**RECORDS FOR THIS EXERCISE:**

[Start of Attachment]

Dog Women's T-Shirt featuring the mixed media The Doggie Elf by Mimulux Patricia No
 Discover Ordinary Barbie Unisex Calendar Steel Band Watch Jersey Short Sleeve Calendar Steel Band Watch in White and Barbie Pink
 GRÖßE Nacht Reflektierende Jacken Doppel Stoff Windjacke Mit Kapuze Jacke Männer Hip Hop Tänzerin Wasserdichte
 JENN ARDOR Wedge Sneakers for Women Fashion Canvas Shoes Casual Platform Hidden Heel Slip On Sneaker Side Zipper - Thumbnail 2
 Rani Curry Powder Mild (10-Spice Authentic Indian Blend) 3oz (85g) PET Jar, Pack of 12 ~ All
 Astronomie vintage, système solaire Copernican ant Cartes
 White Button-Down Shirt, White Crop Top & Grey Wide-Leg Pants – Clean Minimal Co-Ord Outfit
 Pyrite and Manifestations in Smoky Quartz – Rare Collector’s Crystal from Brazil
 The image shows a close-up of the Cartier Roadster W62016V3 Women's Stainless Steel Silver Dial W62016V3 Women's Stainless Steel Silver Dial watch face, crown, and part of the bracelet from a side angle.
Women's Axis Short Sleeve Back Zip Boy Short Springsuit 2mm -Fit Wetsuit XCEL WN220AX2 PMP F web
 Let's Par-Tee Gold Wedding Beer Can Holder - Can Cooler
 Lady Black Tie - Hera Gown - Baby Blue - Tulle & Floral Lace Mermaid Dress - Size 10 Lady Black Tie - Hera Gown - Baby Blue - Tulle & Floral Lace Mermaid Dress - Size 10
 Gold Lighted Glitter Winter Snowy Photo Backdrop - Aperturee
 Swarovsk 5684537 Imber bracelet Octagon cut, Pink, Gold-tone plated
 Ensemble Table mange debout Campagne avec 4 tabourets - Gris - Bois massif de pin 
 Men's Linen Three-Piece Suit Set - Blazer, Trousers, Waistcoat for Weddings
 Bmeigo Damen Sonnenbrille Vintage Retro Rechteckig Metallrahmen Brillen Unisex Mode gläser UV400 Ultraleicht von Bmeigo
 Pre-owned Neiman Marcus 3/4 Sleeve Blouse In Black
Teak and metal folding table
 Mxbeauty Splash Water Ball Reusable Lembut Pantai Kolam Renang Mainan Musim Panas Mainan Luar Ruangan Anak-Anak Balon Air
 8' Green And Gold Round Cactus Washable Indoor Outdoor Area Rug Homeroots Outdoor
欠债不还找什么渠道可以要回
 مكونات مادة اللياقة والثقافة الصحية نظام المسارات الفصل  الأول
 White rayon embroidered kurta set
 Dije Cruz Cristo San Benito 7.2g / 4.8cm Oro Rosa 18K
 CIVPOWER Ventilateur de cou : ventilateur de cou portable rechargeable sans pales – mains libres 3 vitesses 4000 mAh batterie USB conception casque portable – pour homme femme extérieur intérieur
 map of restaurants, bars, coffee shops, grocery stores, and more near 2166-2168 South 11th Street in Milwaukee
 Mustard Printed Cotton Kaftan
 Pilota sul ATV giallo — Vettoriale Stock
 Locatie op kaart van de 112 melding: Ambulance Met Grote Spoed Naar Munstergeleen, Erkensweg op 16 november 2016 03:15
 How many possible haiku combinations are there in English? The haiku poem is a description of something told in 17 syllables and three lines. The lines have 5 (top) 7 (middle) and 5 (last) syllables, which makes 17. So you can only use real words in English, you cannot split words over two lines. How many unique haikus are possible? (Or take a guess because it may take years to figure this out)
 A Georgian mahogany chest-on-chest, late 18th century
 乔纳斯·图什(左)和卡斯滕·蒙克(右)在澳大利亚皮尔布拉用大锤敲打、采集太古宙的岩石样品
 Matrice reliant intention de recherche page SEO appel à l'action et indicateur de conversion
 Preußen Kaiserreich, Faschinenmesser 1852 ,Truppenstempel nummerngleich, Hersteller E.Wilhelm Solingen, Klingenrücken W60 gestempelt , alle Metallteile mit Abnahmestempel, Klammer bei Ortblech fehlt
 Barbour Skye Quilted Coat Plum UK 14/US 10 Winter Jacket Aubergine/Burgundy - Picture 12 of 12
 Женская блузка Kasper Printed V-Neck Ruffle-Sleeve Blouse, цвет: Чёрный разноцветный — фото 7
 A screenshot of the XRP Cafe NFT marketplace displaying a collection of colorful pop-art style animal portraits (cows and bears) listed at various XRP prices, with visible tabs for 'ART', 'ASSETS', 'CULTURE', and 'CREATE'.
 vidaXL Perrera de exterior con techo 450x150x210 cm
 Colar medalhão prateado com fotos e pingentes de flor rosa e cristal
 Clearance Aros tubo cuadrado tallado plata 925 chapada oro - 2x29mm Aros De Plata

[End of Attachment]

In the data above, which lines lie between the line with "map of restaurants, bars, coffee" and the line with "Pilota sul ATV giallo — Vettoriale Stock", inclusive? Print those lines exactly and nothing else.

**SOLUTION FOR THIS EXERCISE:**
 map of restaurants, bars, coffee shops, grocery stores, and more near 2166-2168 South 11th Street in Milwaukee
 Mustard Printed Cotton Kaftan
 Pilota sul ATV giallo — Vettoriale Stock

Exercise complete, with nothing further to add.